*** Opening of Task data ***

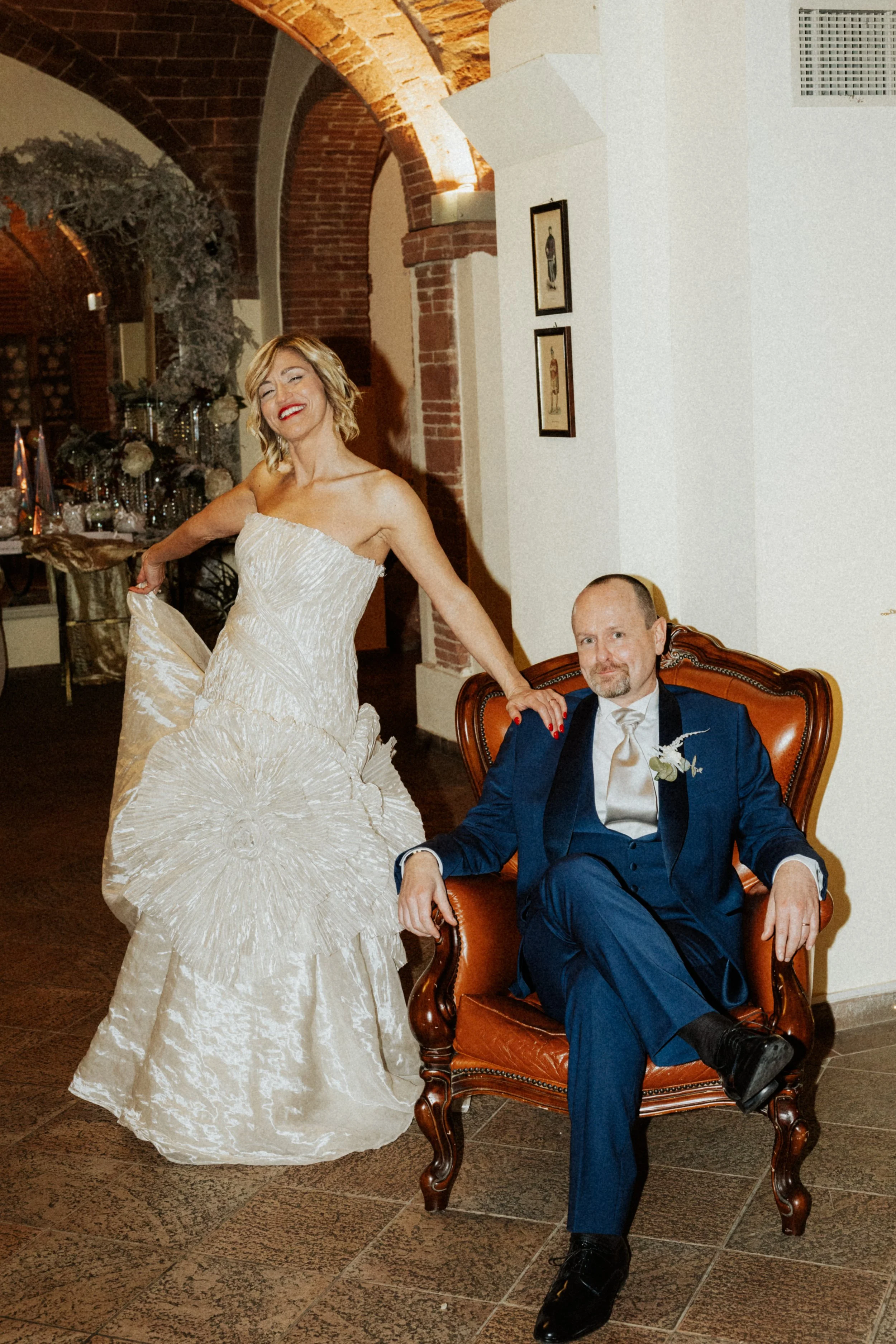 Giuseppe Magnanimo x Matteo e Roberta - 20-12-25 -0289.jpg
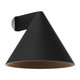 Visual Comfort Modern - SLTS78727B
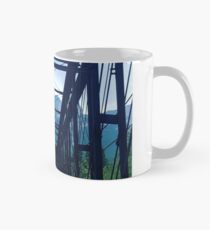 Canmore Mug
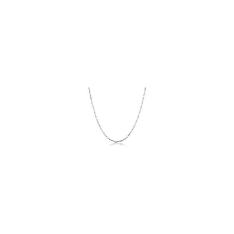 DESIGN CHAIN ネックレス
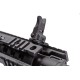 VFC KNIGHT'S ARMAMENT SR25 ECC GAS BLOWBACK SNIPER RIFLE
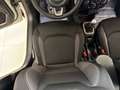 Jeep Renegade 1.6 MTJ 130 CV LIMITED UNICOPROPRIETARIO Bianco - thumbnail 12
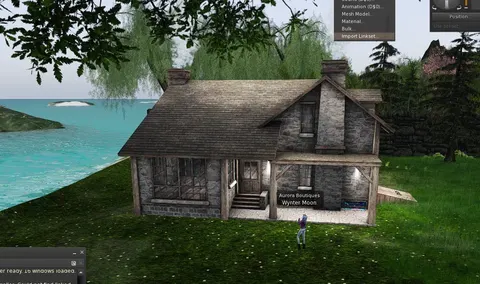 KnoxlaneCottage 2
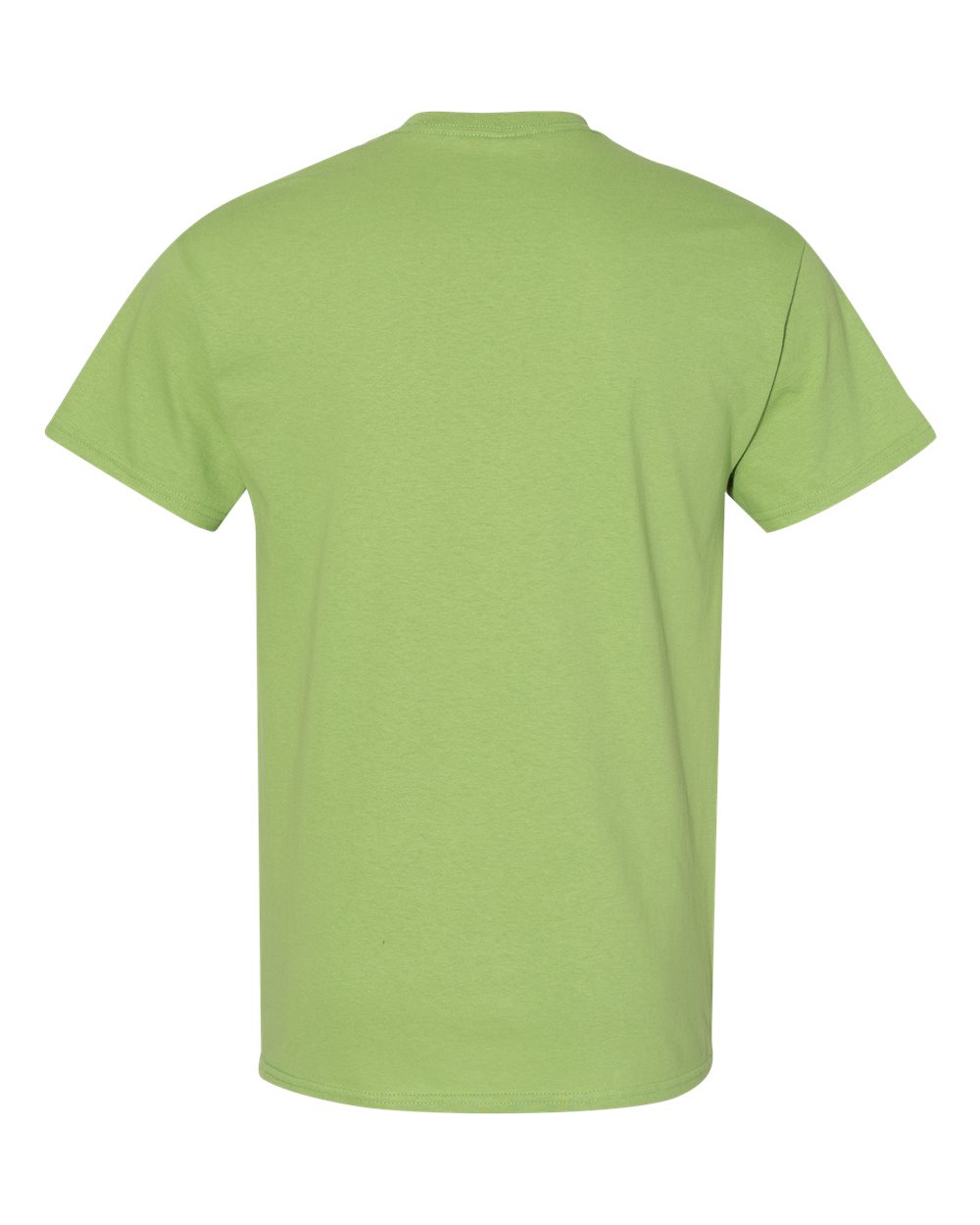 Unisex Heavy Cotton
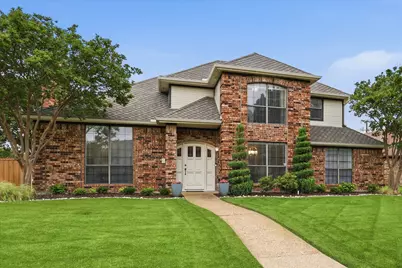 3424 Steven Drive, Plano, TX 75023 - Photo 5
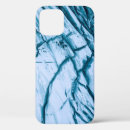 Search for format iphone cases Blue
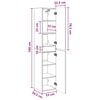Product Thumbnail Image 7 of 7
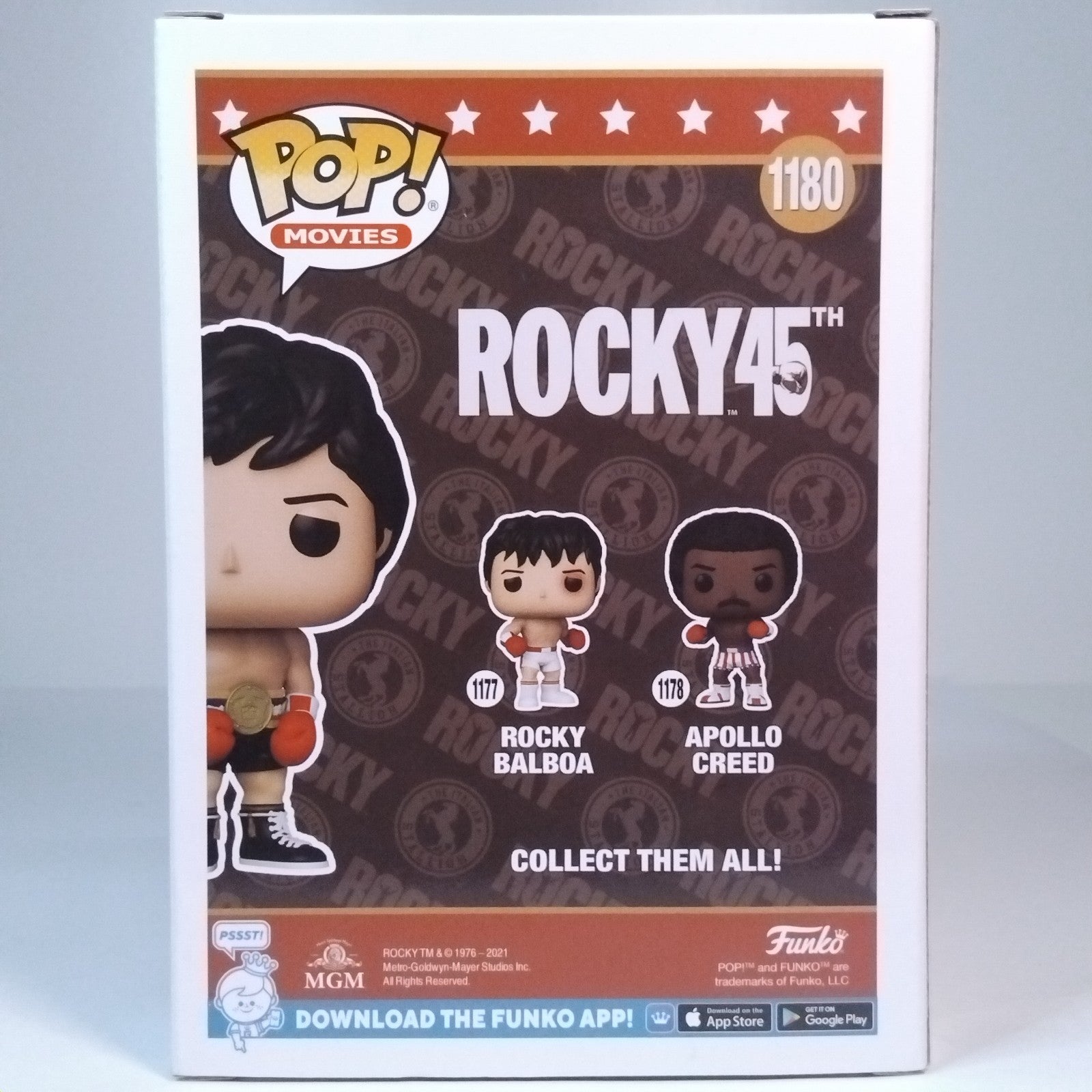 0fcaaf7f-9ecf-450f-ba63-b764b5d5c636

*** Close of Task data ***

- Problem -
The data above must be given again in full and unaltered, minus its images.

- Worked solution -
 Giuseppe Magnanimo x Matteo e Roberta - 20-12-25 -0289.jpg
 Visual Comfort Modern - SLTS78727B
 Canmore Mug
 DESIGN CHAIN ネックレス
 VFC KNIGHT'S ARMAMENT SR25 ECC GAS BLOWBACK SNIPER RIFLE
 Jeep Renegade 1.6 MTJ 130 CV LIMITED UNICOPROPRIETARIO Bianco - thumbnail 12
 KnoxlaneCottage 2
 Unisex Heavy Cotton
 3424 Steven Drive, Plano, TX 75023 - Photo 5
 Search for format iphone cases Blue
Product Thumbnail Image 7 of 7
 0fcaaf7f-9ecf-450f-ba63-b764b5d5c636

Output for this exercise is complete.